Incidentally, why does the number of faces suggest the wrong volume ordering? This is because different faces are different sizes. Sure, the dodecahedron only has 12 faces, but they are pentagons — much bigger than the icosahedron’s 20 triangular faces. A regular pentagon has about four times as much area as an equilateral triangle with the same edge length. So the 12 pentagons are worth about 48 equilateral triangles. Now we also have a strong face-based intuition that points in the right direction: the dodecahedron is significantly larger than the icosahedron.

Archimedean Solids

For Platonic solids, the ordering by number of vertices is the same as the volume ordering.  Let’s take a look at a more general class of solids.  Archimedean solids have faces that are not all the same, but the faces are still regular polygons, and there is the same configuration of faces at each vertex.  For example a cuboctahedron has two squares and two triangles meeting at each vertex. Here are the 13 Archimedean solids in volume order.

Name Faces Edges Vertices Volume
Cuboctahedron 14 24 12 2.357
Truncated tetrahedron 8 18 12 2.711
Snub cube 38 60 24 7.889
Rhombicuboctahedron 26 48 24 8.714
Truncated octahedron 14 36 24 11.314
Truncated cube 14 36 24 13.600
Icosidodecahedron 32 60 30 13.836
Snub dodecahedron 92 150 60 37.617
Rhombicosidodecahedron 62 120 60 41.615
Truncated cuboctahedron 26 72 48 41.799
Truncated icosahedron 32 90 60 55.288
Truncated dodecahedron 32 90 60 85.040
Truncated icosidodecahedron 62 180 120 206.803

Well it’s not perfect, but vertices still correspond to volumes far better than faces or edges.  Let’s look at the relationship between number of vertices and volume a little more closely.


As you can see, the volume does correspond pretty well with the number of vertices, but there are some glaring problems.  Most notably, look at the four with 60 vertices; there is over a factor of two between the volumes of the biggest (truncated dodecahedron) and smallest (snub dodecahedron).  Above we speculated that for the same volume, more vertices would be more densely packed, leading to shorter edges.  Why does the truncated dodecahedron have shorter edges than the snub dodecahedron for the same volume and same number of vertices?  Let’s take a look.

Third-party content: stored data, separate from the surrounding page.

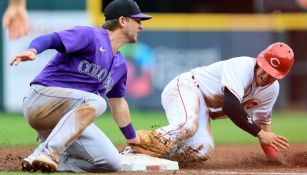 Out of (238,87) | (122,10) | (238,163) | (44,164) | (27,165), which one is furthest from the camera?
(238,163)

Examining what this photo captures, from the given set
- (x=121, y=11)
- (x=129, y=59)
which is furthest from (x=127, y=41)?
(x=129, y=59)

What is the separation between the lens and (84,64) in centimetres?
564

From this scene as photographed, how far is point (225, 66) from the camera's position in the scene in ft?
20.9

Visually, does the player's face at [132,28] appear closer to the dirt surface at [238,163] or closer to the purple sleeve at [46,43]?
the purple sleeve at [46,43]

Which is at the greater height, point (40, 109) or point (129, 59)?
point (40, 109)

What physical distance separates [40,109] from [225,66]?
5.17ft

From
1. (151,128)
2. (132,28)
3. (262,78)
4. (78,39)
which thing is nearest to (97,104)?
(78,39)

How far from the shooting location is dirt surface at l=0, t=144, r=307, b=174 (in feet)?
19.4

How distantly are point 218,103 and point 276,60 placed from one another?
0.69 meters

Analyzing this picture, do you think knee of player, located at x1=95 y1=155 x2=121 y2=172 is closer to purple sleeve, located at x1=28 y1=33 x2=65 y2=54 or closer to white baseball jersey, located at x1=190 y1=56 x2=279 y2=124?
purple sleeve, located at x1=28 y1=33 x2=65 y2=54

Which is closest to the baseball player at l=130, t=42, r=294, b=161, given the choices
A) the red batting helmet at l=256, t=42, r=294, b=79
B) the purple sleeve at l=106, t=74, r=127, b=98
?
the red batting helmet at l=256, t=42, r=294, b=79

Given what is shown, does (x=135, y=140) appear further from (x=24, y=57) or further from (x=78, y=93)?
(x=24, y=57)

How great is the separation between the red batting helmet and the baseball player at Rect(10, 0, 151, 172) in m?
1.05

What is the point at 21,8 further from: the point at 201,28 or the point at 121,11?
the point at 201,28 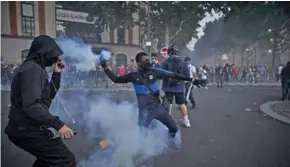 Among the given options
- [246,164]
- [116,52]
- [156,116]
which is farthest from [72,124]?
[116,52]

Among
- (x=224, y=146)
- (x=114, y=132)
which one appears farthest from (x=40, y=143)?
(x=224, y=146)

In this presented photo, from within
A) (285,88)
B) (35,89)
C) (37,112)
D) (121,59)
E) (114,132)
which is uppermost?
(121,59)

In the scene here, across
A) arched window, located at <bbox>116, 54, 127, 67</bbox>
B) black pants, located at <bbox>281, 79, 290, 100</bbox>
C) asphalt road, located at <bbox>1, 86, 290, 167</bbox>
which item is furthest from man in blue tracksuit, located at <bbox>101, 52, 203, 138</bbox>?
arched window, located at <bbox>116, 54, 127, 67</bbox>

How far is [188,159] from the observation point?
12.8 ft

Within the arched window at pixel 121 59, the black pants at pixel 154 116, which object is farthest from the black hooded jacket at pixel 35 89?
the arched window at pixel 121 59

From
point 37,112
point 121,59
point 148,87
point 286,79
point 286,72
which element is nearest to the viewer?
point 37,112

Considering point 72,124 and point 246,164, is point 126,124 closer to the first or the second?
point 72,124

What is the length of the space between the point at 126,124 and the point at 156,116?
1.71 m

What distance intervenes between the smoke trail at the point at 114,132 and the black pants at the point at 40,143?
1.45 metres

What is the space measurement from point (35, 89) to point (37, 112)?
0.57ft

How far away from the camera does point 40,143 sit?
7.29ft

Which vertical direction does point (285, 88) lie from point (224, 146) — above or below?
above

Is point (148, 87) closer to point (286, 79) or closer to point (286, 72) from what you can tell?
point (286, 72)

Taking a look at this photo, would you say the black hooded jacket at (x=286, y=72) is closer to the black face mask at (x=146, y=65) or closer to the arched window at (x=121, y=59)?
the black face mask at (x=146, y=65)
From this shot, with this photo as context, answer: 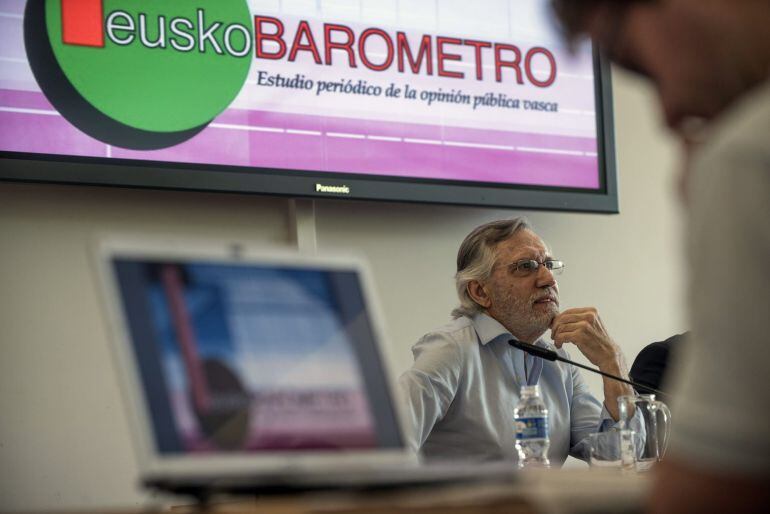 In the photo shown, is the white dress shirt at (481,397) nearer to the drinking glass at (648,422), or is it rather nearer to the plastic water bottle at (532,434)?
the plastic water bottle at (532,434)

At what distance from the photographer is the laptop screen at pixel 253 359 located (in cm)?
110

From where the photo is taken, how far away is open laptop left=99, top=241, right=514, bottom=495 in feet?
3.55

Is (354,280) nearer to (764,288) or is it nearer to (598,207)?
(764,288)

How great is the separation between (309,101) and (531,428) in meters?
1.27

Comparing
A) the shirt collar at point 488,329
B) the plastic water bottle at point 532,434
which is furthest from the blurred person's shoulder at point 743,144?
the shirt collar at point 488,329

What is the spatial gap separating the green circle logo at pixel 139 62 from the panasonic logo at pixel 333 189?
35 centimetres

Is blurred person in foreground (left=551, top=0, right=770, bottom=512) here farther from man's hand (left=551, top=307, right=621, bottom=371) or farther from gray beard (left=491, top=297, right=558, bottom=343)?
gray beard (left=491, top=297, right=558, bottom=343)

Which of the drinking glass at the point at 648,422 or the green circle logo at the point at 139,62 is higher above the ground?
the green circle logo at the point at 139,62

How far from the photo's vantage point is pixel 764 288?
0.75 m

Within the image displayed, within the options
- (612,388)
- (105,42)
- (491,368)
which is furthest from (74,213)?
(612,388)

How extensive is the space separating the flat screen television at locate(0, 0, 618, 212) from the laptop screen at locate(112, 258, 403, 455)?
196 cm

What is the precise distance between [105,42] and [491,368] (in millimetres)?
1350

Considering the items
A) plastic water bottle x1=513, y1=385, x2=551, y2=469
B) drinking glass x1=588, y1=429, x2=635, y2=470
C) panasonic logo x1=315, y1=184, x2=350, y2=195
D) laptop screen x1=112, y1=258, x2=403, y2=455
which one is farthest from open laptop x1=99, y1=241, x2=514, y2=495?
panasonic logo x1=315, y1=184, x2=350, y2=195

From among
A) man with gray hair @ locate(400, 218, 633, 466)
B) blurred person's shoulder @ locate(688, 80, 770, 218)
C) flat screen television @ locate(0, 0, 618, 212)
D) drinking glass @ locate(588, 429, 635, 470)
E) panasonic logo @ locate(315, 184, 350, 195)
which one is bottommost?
drinking glass @ locate(588, 429, 635, 470) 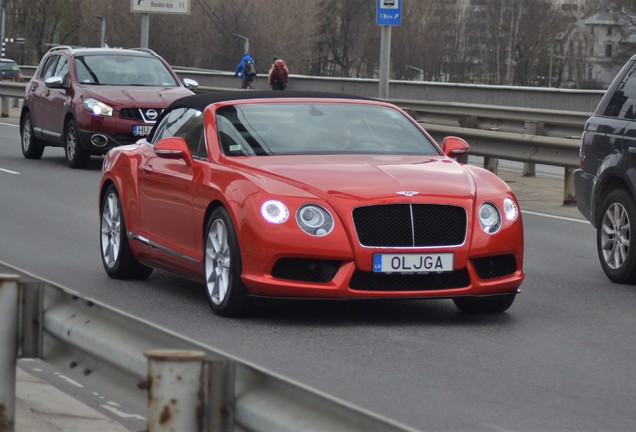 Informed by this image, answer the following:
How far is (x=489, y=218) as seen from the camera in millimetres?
9023

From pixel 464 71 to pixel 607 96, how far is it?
11637 cm

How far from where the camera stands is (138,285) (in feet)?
35.1

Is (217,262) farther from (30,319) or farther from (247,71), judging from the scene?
(247,71)

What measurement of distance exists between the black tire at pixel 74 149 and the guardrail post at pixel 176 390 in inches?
724

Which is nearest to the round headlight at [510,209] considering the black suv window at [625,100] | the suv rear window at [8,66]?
the black suv window at [625,100]

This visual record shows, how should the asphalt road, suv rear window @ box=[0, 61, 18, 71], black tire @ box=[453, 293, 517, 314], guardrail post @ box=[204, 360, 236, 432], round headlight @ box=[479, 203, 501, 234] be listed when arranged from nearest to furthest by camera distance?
guardrail post @ box=[204, 360, 236, 432], the asphalt road, round headlight @ box=[479, 203, 501, 234], black tire @ box=[453, 293, 517, 314], suv rear window @ box=[0, 61, 18, 71]

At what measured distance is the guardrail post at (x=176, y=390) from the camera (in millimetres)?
4043

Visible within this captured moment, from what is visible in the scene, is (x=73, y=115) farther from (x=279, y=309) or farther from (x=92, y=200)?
(x=279, y=309)

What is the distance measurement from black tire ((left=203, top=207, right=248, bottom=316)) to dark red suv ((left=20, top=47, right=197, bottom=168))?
12.8 meters

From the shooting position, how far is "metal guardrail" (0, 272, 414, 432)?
371 cm

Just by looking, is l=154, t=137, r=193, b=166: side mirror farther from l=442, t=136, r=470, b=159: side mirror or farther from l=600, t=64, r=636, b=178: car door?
l=600, t=64, r=636, b=178: car door

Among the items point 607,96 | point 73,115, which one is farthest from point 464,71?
point 607,96

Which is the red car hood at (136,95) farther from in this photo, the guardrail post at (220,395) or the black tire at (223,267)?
A: the guardrail post at (220,395)

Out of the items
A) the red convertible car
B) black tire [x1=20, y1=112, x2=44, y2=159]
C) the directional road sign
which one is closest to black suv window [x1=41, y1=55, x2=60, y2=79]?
black tire [x1=20, y1=112, x2=44, y2=159] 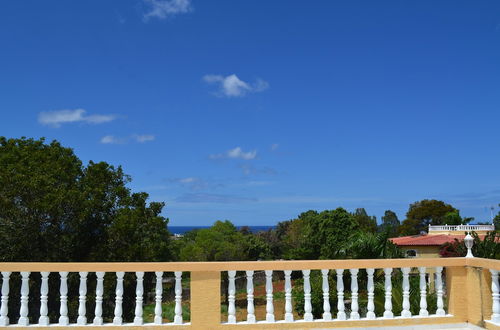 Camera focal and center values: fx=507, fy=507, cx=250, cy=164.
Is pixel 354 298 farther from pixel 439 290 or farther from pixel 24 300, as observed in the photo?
pixel 24 300

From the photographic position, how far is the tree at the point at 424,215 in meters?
58.3

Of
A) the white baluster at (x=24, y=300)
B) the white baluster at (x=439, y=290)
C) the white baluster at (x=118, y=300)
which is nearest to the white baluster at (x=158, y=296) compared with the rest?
the white baluster at (x=118, y=300)

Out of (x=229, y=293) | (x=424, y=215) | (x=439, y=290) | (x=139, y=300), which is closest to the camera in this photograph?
(x=139, y=300)

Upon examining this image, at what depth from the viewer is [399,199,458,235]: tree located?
58281 millimetres

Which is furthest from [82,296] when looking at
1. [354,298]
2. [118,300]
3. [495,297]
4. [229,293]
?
[495,297]

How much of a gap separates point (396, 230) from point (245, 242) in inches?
1259

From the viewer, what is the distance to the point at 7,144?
16922 millimetres

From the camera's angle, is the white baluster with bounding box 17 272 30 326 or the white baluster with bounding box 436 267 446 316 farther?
the white baluster with bounding box 436 267 446 316

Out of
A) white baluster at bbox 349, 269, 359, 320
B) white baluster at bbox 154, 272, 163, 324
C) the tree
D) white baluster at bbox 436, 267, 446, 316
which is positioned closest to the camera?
white baluster at bbox 154, 272, 163, 324

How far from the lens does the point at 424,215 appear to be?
59.1 m

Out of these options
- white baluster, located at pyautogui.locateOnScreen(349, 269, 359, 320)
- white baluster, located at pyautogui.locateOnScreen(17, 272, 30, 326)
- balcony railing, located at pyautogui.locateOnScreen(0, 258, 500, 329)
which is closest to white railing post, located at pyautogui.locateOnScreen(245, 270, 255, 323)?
balcony railing, located at pyautogui.locateOnScreen(0, 258, 500, 329)

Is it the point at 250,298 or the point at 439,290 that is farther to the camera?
the point at 439,290

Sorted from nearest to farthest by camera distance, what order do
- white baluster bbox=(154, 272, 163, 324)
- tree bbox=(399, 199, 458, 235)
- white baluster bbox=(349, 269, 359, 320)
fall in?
white baluster bbox=(154, 272, 163, 324), white baluster bbox=(349, 269, 359, 320), tree bbox=(399, 199, 458, 235)

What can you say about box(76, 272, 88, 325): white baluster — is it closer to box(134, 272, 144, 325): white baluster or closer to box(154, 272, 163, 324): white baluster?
box(134, 272, 144, 325): white baluster
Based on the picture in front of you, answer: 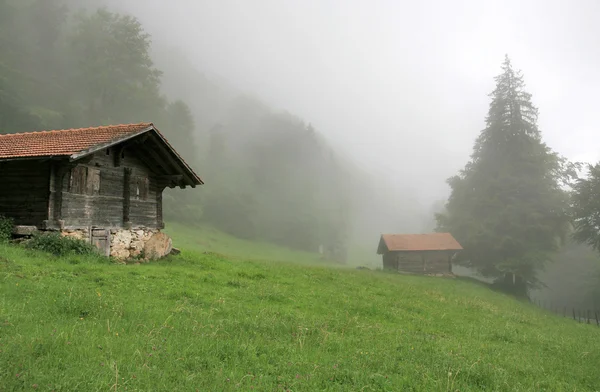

Snubdodecahedronccw                Truncateddodecahedron

The snub dodecahedron (left) has 80 triangles and 12 pentagons, and the vertices look pretty well spaced out.  The truncated dodecahedron (right) has 20 triangles and 12 decagons.  The vertices are not well spaced out at all; they’re basically all lined up to make those big empty decagons.  This explains why the truncated dodecahedron has so much volume for a given edge length and number of vertices.  For a given volume, the vertices are very unevenly spaced, making the edges short.

Four-Dimensional Platonic Solids

Finally, do the intuitions we developed above for three-dimensional solids carry over to four-dimensional solids? Absolutely. Six data points isn’t much, but here are the volumes of the four-dimensional Platonic solids (4-d volumes in this case, so multiply by a^4 if the side length is a).

Name Cells Faces Edges Vertices Volume
5-cell (simplex) 5 10 10 5 0.023
16-cell (orthoplex) 16 32 24 8 0.167
8-cell (hypercube) 8 24 32 16 1.000
24-cell 24 96 96 24 2.000
600-cell 600 1200 720 120 26.475
120-cell 120 720 1200 600 787.857

Looks good to me. The volumes are in the same order as the number of vertices, and the relatively large volume increases correspond to the relatively large increases in the number of vertices.